Wednesday, April 25, 2007

Don't Build It, and They Will Come Anyway

Some things in life just weren't meant to be understood. Take for instance feel good stories of how a sick child is miraculously healed, or how a family in dire need is somehow blessed with a smile from lady luck at the last possible moment. We've come to write these sort of things off as blessed occurrences from a higher power, and that is enough for the majority of us. Call me a softy, but I've always felt that it's enough for me as well, and I leave it at that.
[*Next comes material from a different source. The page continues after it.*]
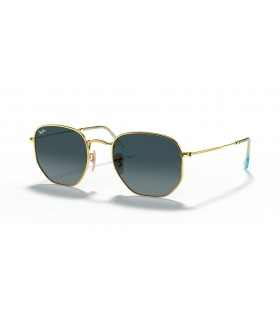 Ray-Ban RB3548N Hexagonal Flache Linsen M (51 - 21) mit Blauen GlÃ¤sern und Gold Rahmen Sonnenbrille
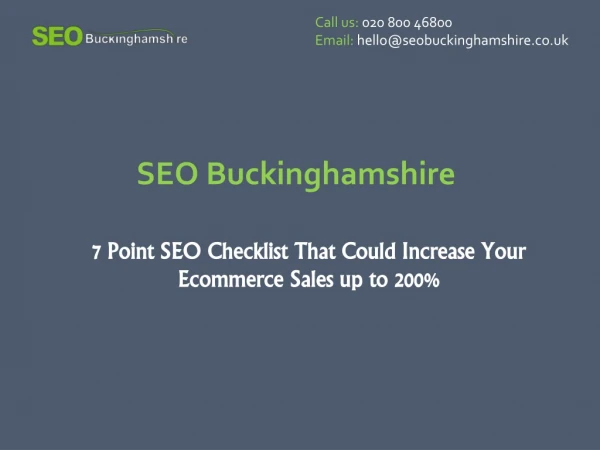 7 Point SEO Checklist That Could Increase Your Ecommerce Sales up to 200%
However, this article isn't one of those things. The blessed underdog going into this generation, Nintendo, seems to be struggling a bit too much under the weight of it's own sales, for my taste. Now the problem is, I don't know who to rip into first, about this. You see, we have one side an analyst (yes, I love to poke at these guys), who makes the outlandish prediction that Nintendo may have trouble meeting consumer demand for the Wii up until 2009. On the other side, we have the equally ridiculous concept that a hardware maker with many years of experience under it's belt can't figure out how to crank out a hot product while it's still hot. Like I've stated before, If we were talking about cutting edge technology here, I might be a bit more forgiving. Since we are talking about what amounts to an incremental step from the original Xbox a fair six years after it was released, the thought of it all just confounds me.

For Pete's sake, Nintendo, you have amassed a legion of fans bested only by the yearly totals of American Idol viewers, in terms of sheer numbers. Okay, so maybe I'm embellishing this one a bit, but you can't deny how large the loyal followers of the Nintendo World Order have become. The point is, you could probably talk these guys into building a couple factories for you, and piecing together Wiis from spare parts lying around in any electronics store. If that weren't enough, I'm more than certain that there are enough Gamecubes left in the wild for you to simply gut and refit them with nice shiny white cases. Then all you'd have to worry about is making a few million remotes. You can do that before 2009, can't you?

And as for the aforementioned analyst; your not off the hook either. Are you out of your freaking mind? You have somehow managed to convince yourself that while millions of manufacturers can crank out enough products every day to meet customer demand, that Nintendo will need the better part of two plus years to finally put a Wii in every household that wants one. I'm not sure what the drug of choice is for those in your industry, but I'm glad it's not found over the counter. God help our great nation when it becomes readily available on the street.

So that brings us back to this whole enigma that has yet to be understood by anyone. There's a hot product out there with a niche market. The product seems to be fairly cheap to make, and it doesn't use any form of technology in it's parts that have yet to be reverse engineered from future UFO crash sites. Like the great mystery of just how many licks it really takes to get to the center of a Tootsie Roll pop, the world may never know the why this hasn't been remedied as of yet. Until there, I fear that there's no shortage of analysts who will continue to make outlandish predictions about the equally outlandish positions Nintendo has put itself in, yet again.